The Revenue Anthropic Walked Away From

None of this happened in a vacuum. In a statement on Anthropic’s official newsroom, CEO Dario Amodei disclosed that the company chose to forgo ‘several hundred million dollars in revenue’ by cutting off access to Claude for firms linked to the Chinese Communist Party, some of which had been designated as Chinese Military Companies. The argument was principled. The cost was real.

The BBC also notes, citing a person familiar with internal sentiment, that the feeling inside Anthropic is that it is disliked by parts of the Trump administration because Amodei has not donated large sums to Trump or publicly praised him, unlike a number of his peers in the industry. Whether that is the reason or a side effect is hard to establish from the outside, but it is the context in which the Cloud Security Alliance characterised the designation as having been ‘prompted not by any security failure but by Anthropic’s refusal to accept a contract clause.’

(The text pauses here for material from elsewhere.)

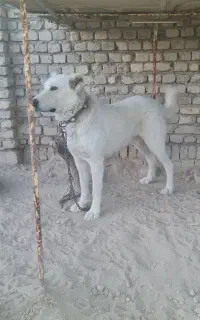 سگ نگهبان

California’s willingness to proceed with the California Claude deal, half-price and all, is therefore less a routine procurement story and more a statement of priorities. The state is explicitly choosing a vendor the federal government has declared off-limits to its contractors.

Given’s breezy comment that the supply-chain risk designation simply ‘didn’t come up’ is either diplomatic understatement or a genuine reflection of how little weight Sacramento places on Washington’s position here. Probably both.

The more interesting question is whether other states, municipalities, or large enterprises follow California’s lead. The Pentagon’s designation was meant to limit Anthropic’s reach across government procurement. If sub-federal and commercial clients treat it as irrelevant, the designation’s practical power is considerably narrower than its symbolic weight suggests.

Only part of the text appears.